# Finally burnt out from video games



## R2DJ (Apr 19, 2012)

I think I can say I'm finally burnt out from playing video games. I just rented Halo CE for 360 and No More Heroes for PS3 and when I play them, I find myself getting bored of it really quick, and after 30 minutes or so I turn it off. It's a shame because I just paid for Lovefilm 5 days ago so that's a whole month of gaming waiting for me. I knew I should've cancelled it... I had that gut feeling but I wanted to try out the games mentioned. Now I just feel like I can't play video games anymore. I'm burnt out. I also tried playing my 3DS and I'm still yet to play any of my ambassador games. The 3DS is a keeper though, definitely.

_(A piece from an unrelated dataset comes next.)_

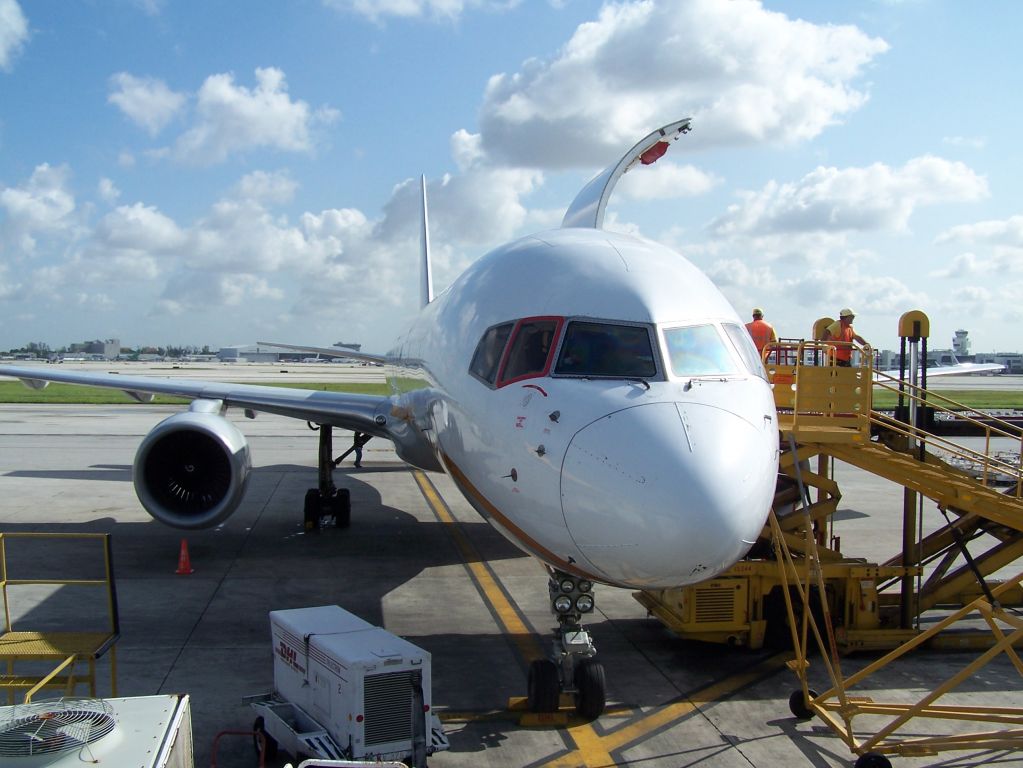 Boeing 757-200 (N620DL)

Maybe it's because I've got arguably "instant access" to games; I've got Lovefilm and I can get any game I want (provided they have it) after 2 days of waiting, I've picked up some cheap games for 99p before my local Gamestation closed down (Prey, Gears of War, Resistance, Mass Effect, Avatar), the 3DS has about 20+ games that I still have to play, I've got some awesome games on OnLive in the form of Deux Ex, Borderlands, Mafia 2, Dead Island. Not to mention I can pretty much demo any game on that platform for 30 minutes and that will usually get me satisfied. My friends are way too busy with their dissertations/school/work/away on holiday. And I've just had 3 grueling months in uni and now that I'm on a break and won't be back to uni until next month for exams, I still got that feeling where if I spend my free time enjoying myself, I feel stressed and constrained because I keep thinking that I have coursework or something else more productive to do. Maybe those are the reasons why I don't feel the fun in playing video games anymore.

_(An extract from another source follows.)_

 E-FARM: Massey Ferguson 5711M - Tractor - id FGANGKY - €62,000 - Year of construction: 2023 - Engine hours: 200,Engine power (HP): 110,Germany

Now that that's all out, I guess I gotta bring back my other hobbies, hobbies that I haven't enjoyed for a long time. I've been considering getting the Hunger Games trilogy books because I've been intrigued by it. Last time I've read a book was Deathly Hallows and that was 3 years ago. Any tempers here that are readers? Care to recommend any books for me to read? I like to read anything really (except Twilight).

I may also carry on with my UDK coursework from uni and make it a fully fledged game (because we were only required to make a level. Not a fully playable level, just a level that can be walked through in UDK). Or delve more into 3DS Max, or maybe learn a programming language or two to be more proficient in it. I'm also considering re-joining the gym, or learn to play guitar.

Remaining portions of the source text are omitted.